When I first read the Manifold-Constrained Hyper-Connections (mHC) paper https://www.arxiv.org/abs/2512.24880 , I didn’t see it as just another optimization trick or a clever use of Sinkhorn iterations, but the other way round. This is physics.

I suspect the root motivation for this paper wasn’t initially “Let’s use the Birkhoff Polytope.” I believe the authors started with a fundamental physical intuition: Conservation of Energy. They likely asked, “How do we build a deep network that routes information without creating or destroying it?” Very “first principle” thought, right? The math like doubly stochastic matrices, the Birkhoff manifold is just the implementation detail used to enforce this physical law.

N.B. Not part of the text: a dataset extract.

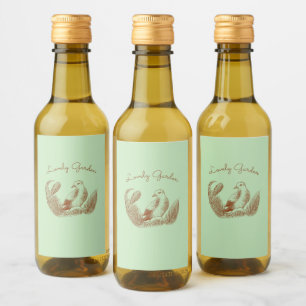 Vintage Garden Bird – Monochrome Elegant Floral Wine Label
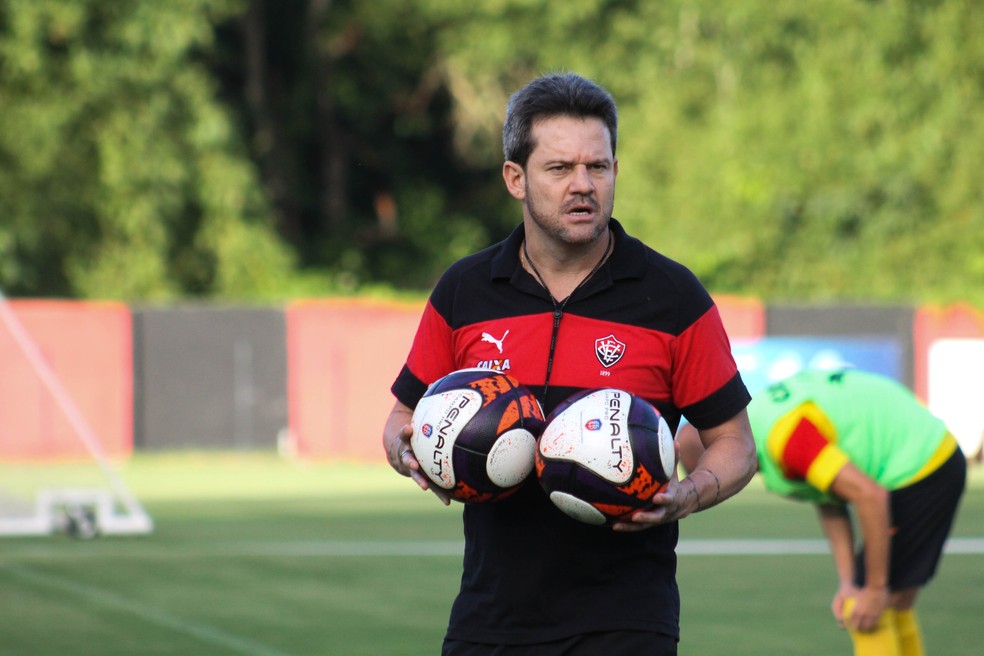 Argel teve 68% de aproveitamento no comando do Vitória (Foto: Maurícia da Matta / EC Vitória / Divulgação)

Here is the derivation of mHC not from a mathematical perspective, but from a “First Principles” physics perspective.

alt text

The Problem: Neural Networks are “Active Amplifiers”

Standard neural networks violate the laws of physics. In a standard linear layer:

\[y = Wx\]

If the weights $W$ are initialized randomly, the layer acts as an active amplifier. It injects energy into the system.

If the eigenvalues of $W$ are slightly larger than 1, the signal energy explodes exponentially as it passes through layers ($1.1^{100} \approx 13,780$). If they are smaller than 1, the signal dies. This is why we need LayerNorm, BatchNorm, and complex initializations—we are trying to artificially tame a system that fundamentally wants to explode.

The mHC Intuition: A stable deep network should act like a Passive System. It should be a complex system of pipes and valves that routes the flow (signal) but never creates it out of thin air.

Deriving the Math from the Physics

Let’s try to design a layer strictly obeying conservation laws. We will see that the Doubly Stochastic constraint naturally falls out of these requirements.

1. Conservation of “Signal Mass” (First Moment)

Imagine the input signal $x$ is a physical fluid with a total mass. We want the total mass leaving the layer to equal the mass entering it. No leaks, no pumps.

\[\sum_{i} y_i = \sum_{j} x_j\]

Substituting $y_i = \sum_j W_{ij} x_j$:

\[\sum_{i} \sum_{j} W_{ij} x_j = \sum_{j} x_j\]

If we swap the summation order to isolate the input terms:

\[\sum_{j} x_j \left( \sum_{i} W_{ij} \right) = \sum_{j} x_j\]

For this to hold for any input signal $x$, the term in the parentheses must be exactly 1.

\[\sum_{i} W_{ij} = 1 \quad (\forall j)\]

Result: This forces the Column Sums to be 1. Physically, this ensures that every drop of “mass” from input $j$ is accounted for in the output.

2. Bounding “Signal Energy” (Second Moment)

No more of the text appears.